_REQUIRED ACTION_.
Please reproduce each of the entries below exactly as they appear.

_PROVIDED RECORDS_.
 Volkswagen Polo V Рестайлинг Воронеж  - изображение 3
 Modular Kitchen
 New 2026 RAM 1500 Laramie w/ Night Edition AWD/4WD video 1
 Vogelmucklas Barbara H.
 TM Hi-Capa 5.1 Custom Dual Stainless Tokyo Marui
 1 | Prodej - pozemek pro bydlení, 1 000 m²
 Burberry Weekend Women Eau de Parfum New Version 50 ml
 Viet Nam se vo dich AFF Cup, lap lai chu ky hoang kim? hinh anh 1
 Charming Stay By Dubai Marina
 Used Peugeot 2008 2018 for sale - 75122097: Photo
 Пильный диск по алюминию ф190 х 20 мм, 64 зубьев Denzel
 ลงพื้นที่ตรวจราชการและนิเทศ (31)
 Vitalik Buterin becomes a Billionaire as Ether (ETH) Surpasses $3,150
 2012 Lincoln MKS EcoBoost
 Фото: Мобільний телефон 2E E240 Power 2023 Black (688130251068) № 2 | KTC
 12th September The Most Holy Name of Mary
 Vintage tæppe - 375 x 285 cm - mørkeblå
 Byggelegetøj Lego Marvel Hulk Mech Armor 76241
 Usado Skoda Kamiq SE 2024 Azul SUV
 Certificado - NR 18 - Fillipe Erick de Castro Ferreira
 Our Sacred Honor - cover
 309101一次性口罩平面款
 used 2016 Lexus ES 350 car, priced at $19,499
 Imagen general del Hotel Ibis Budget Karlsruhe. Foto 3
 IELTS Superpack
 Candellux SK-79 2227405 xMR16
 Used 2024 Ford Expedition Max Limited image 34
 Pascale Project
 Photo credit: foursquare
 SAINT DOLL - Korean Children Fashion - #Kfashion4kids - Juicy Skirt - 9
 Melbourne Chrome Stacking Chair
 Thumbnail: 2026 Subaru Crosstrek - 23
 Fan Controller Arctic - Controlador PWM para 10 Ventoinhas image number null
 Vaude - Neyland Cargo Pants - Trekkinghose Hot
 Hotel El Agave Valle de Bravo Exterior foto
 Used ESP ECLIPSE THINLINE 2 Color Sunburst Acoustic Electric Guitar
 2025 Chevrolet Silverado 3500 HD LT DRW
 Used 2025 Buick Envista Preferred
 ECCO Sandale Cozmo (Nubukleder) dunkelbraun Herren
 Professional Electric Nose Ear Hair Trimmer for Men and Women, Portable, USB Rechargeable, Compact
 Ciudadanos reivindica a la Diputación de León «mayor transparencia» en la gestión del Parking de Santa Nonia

_OUTPUT OF THE TASK_.
 Volkswagen Polo V Рестайлинг Воронеж  - изображение 3
 Modular Kitchen
 New 2026 RAM 1500 Laramie w/ Night Edition AWD/4WD video 1
 Vogelmucklas Barbara H.
 TM Hi-Capa 5.1 Custom Dual Stainless Tokyo Marui
 1 | Prodej - pozemek pro bydlení, 1 000 m²
 Burberry Weekend Women Eau de Parfum New Version 50 ml
 Viet Nam se vo dich AFF Cup, lap lai chu ky hoang kim? hinh anh 1
 Charming Stay By Dubai Marina
 Used Peugeot 2008 2018 for sale - 75122097: Photo
 Пильный диск по алюминию ф190 х 20 мм, 64 зубьев Denzel
 ลงพื้นที่ตรวจราชการและนิเทศ (31)
 Vitalik Buterin becomes a Billionaire as Ether (ETH) Surpasses $3,150
 2012 Lincoln MKS EcoBoost
 Фото: Мобільний телефон 2E E240 Power 2023 Black (688130251068) № 2 | KTC
 12th September The Most Holy Name of Mary
 Vintage tæppe - 375 x 285 cm - mørkeblå
 Byggelegetøj Lego Marvel Hulk Mech Armor 76241
 Usado Skoda Kamiq SE 2024 Azul SUV
 Certificado - NR 18 - Fillipe Erick de Castro Ferreira
 Our Sacred Honor - cover
 309101一次性口罩平面款
 used 2016 Lexus ES 350 car, priced at $19,499
 Imagen general del Hotel Ibis Budget Karlsruhe. Foto 3
 IELTS Superpack
 Candellux SK-79 2227405 xMR16
 Used 2024 Ford Expedition Max Limited image 34
 Pascale Project
 Photo credit: foursquare
 SAINT DOLL - Korean Children Fashion - #Kfashion4kids - Juicy Skirt - 9
 Melbourne Chrome Stacking Chair
 Thumbnail: 2026 Subaru Crosstrek - 23
 Fan Controller Arctic - Controlador PWM para 10 Ventoinhas image number null
 Vaude - Neyland Cargo Pants - Trekkinghose Hot
 Hotel El Agave Valle de Bravo Exterior foto
 Used ESP ECLIPSE THINLINE 2 Color Sunburst Acoustic Electric Guitar
 2025 Chevrolet Silverado 3500 HD LT DRW
 Used 2025 Buick Envista Preferred
 ECCO Sandale Cozmo (Nubukleder) dunkelbraun Herren
 Professional Electric Nose Ear Hair Trimmer for Men and Women, Portable, USB Rechargeable, Compact
 Ciudadanos reivindica a la Diputación de León «mayor transparencia» en la gestión del Parking de Santa Nonia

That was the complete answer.